Reputation: 85
I would like to de-identified my PII data that already in BiqQuery with Google DLP, and store the result in another table in BigQuery. Is that possible ? and how to do that ?
Upvotes: 3
Views: 1511
Reputation: 2338
This feature is currently in preview (October 2022). Talk to your Google Cloud sales rep to see if it can be enabled for your project.
Upvotes: 0
Reputation: 2099
The different methods for De-Indentifying sensitive data in DLP are available through API, for example, we can use replaceConfig
to replace from:
My email address is [email protected].
to
My email address is [email-address].
by using an API request like this:
"deidentifyConfig":{
"infoTypeTransformations":{
"transformations":[
{
"infoTypes":[
{
"name":"EMAIL_ADDRESS"
}
],
"primitiveTransformation":{
"replaceConfig":{
"newValue":{
"stringValue":"[email-address]"
}
}
}
}
]
}
}
So, for your use case you would need to integrate the De-identifying API into a flow that reads from BigQuery, perform the De-identifying transformations and writes back to BigQuery.

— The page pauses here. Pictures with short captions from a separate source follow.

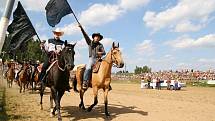 Před zaplněnou Rodeo arénou předvedli ti nejlepší jezdci z celé republiky. Samotné závody byly rozděleny do dvou jezdeckých a dvou dobytkářských rodeo disciplín.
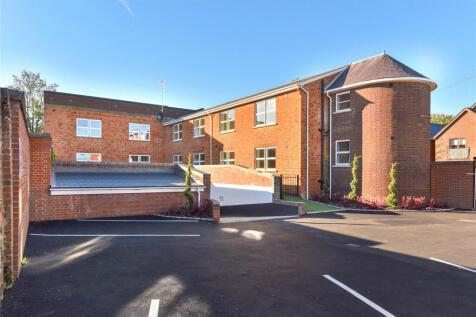 Queens Road, Farnborough, Hampshire... 1 bed apartment for sale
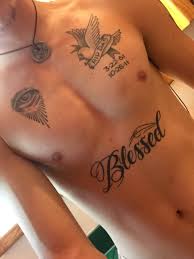 pin de michael inman em tattoo idea tatuagem barriga tatuagem cruz no pescoco tatuagem super mario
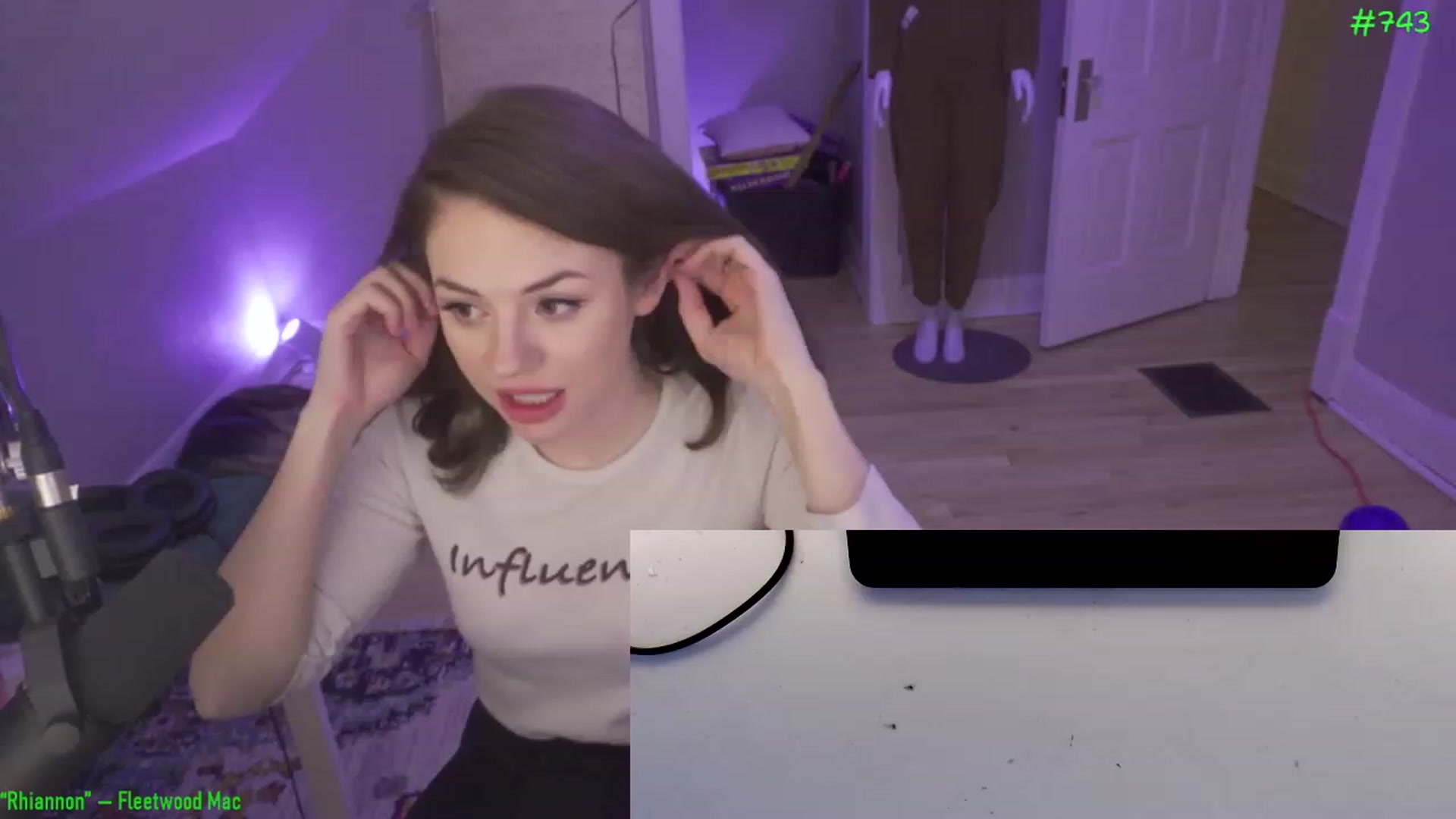 Gallery image thumbnail from SophiesPalace's myfreecams stream on, 05/05/2023, 07:04 image 4 of 20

Cloud DLP in action is a Google post that talks about this. It points out to Dataflow to achieve this use case. Please refer to this Reference Architecture to have an idea of how this can work, in there you will find some Java classes examples. You can modify it if needed so that you can ingest it to BigQuery.
Upvotes: 1
Reputation: 995
Currently the main recommendation is to use dataflow.
https://github.com/GoogleCloudPlatform/dlp-dataflow-deidentification
Upvotes: 1
Reputation: 3616
As a quick workaround, I would consider moving the tables with PII into a dataset with restricted access. Then, in a new dataset, create a view that does not include the sensitive columns. Give users query access to only the dataset with the view, and not the private dataset.
https://cloud.google.com/bigquery/docs/share-access-views
Upvotes: 0